OptiPNG additionally removes the color data for fully-transparent pixels, which may remove the meaning of certain images, for example
- File:Ipu.png, which is meant to depict an Invisible Pink Unicorn, having pink in the pixel data despite the image having a fully-filled alpha channel.
In all cases, the meaning of other images may be removed, for example
- images whose goal is to show PNG images that are not recompressed, if any exist.
Server load expected
[edit]The initial run will read all images from the wiki using the MediaWiki API; however,
- it will kill connections that are proven not to be downloading PNG files after reading 8 bytes;
- it will not unnecessarily read files whose size is under 8 KB;
- because the content of PNG images is not compressible, gzip compression will not be requested;
- it will only re-upload images if the upload would save over 10% of the original image's size.

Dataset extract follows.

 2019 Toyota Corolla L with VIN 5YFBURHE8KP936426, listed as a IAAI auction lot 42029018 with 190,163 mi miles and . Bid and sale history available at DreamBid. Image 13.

Futue runs will be able to skirt many downloads, recompression passes and uploads:
- it can avoid reading a file if its last revision, as indicated by Special:Allpages, was made by this user;
- it can avoid reading a file if the SHA-1 hash of its last revision, as indicated by the MediaWiki API, matches the SHA-1 hash of the last revision it has seen, even if it was not re-uploaded to the wiki because it did not save enough bytes;
- it can avoid reading a file if the timestamp of its last revision, as indicated by Special:Allpages, matches the timestamp of the last revision it has seen, even if it was not re-uploaded to the wiki because it did not save enough bytes.
As this bot is expected to create an additional revision for about half of the PNG images on this wiki, disk usage on the Wikimedia server farm may become a concern.

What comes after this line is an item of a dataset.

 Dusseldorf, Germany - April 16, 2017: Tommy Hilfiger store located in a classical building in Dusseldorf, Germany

During the uploads, SHA-1 hashes will be recalculated and some database operations will take place, which may place load on the CPU and disk.
As this bot breaks caching by making browsers download cached images again, and a viewer may be expected to download a few full-sized images per visit, bandwidth on the Wikimedia server farm may become a concern for a short while. This bandwidth spike will be distributed more or less evenly by the fact that not all PNG images are re-uploaded at once.
Source code
[edit]For the time being, the source code for PNG recompression is hosted on an external wiki, on which it is currently running. Please see here for the initial code. Also see PNGOptimisationBot (t · c).
Adjustments to be made
[edit]- Change the upload rate to be 1 in 10 seconds.
- Use the maxlag parameter, requiring a maximum database replication lag of 3 seconds.
- Possibly adjust the ancillary chunks removed by the tools, replacing OptiPNG with a tool that can preserve the chunks.
- Add the ability to disable the bot by posting a message to its talk page.
- Post the source code after modifications on the English Wikipedia.